这篇文章我给大家讲解的这种字幕叠加和Logo叠加方法是在渲染视频的时候“画“上去的,其实是通过某种API将OSD和Logo绘制到显卡缓存,然后提交缓存到屏幕。我们知道渲染视频有几种常用的API:GDI,DirectDraw,D3D,OpenGL,SDL,其中SDL库是对前面几种API在不同平台上的封装,是一个大集合。我给大家演示的例子是针对Windows平台的,一般在Windows平台上我们会用DirectDraw或D3D绘制图像(不建议用GDI,因为效率低),而我写的这个叠加字幕和Logo的例子是基于DirectDraw绘图的,DirectDraw API用起来比较简单,并且效率也不错。

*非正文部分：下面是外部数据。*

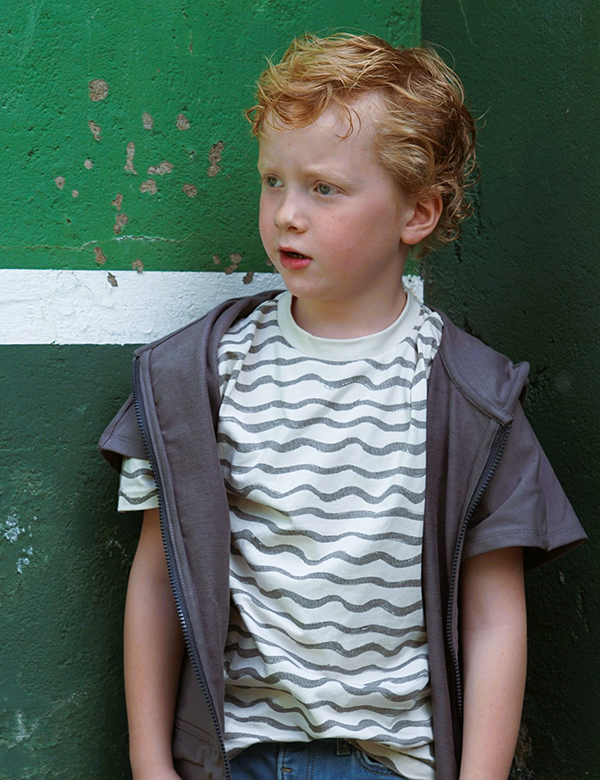 Kindermodel Lewis V.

用本文介绍的DirectDraw API来绘制字幕和Logo(位图),实现起来并不复杂。因为DirectDraw创建的表面能通过GetDC方法获得一个DC,那么你可以往这个DC上画任何东西,就像用GDI在Windows窗口上绘图一样简单。基于DirectDraw实现,叠加字幕和叠加Logo没有太大区别,因为对显卡来说,两者都是一个图层,你可以往显卡缓存的某个坐标上输出一段字符,也可以画一个位图,只是输出字符和绘制位图调用的API有点不同。因为DirectDraw绘图对字幕叠加和位图叠加都是同样原理,所以没有必要对这两种对象的实现方式作一一介绍,下面提到的字幕叠加的实现方式跟位图叠加方式基本是一样的。

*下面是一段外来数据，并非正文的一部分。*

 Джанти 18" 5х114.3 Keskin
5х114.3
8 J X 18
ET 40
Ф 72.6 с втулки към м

为了更清晰的给大家讲解这种方法的实现思路,我写了一个例子来演示叠加字幕和位图的效果。先亮一下这个Demo的界面:
这个例子具有的功能:播放视频,显示OSD文字,显示OSD图标,关闭OSD。打开视频从“文件”菜单选择一个视频文件的路径,然后按“开始播放”,视频就开始渲染到界面的窗口中。点击“编辑菜单”可以对OSD的打开关闭进行控制。
这个例子对视频的分离和解码用到FFmpeg库,而视频的显示和字幕和图标(Logo)的显示则用的是DirectDraw。
下面讲一下代码实现的流程。
因为用到FFmpeg,需要在预编译头文件引用FFmpeg的头文件和静态库:
#ifdef __cplusplus
extern "C" {
#endif
#ifdef HAVE_AV_CONFIG_H
#undef HAVE_AV_CONFIG_H
#endif
#include "./include/libavcodec/avcodec.h"

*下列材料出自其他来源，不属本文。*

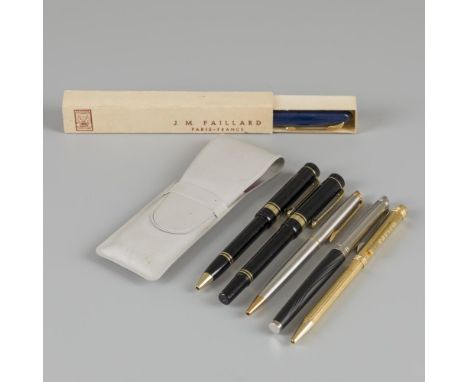 Various pens, including 2 waterman pens. France, 20th century, among others - light signs of wear. 172 grams, base.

#include "./include/libavutil/mathematics.h"
#include "./include/libavutil/avutil.h"
#include "./include/libswscale/swscale.h"
#include "./include/libavutil/fifo.h"
#include "./include/libavformat/avformat.h"
#include "./include/libavutil/opt.h"
#include "./include/libavutil/error.h"
#include "./include/libswresample/swresample.h"
#include "./include/libavutil/audio_fifo.h"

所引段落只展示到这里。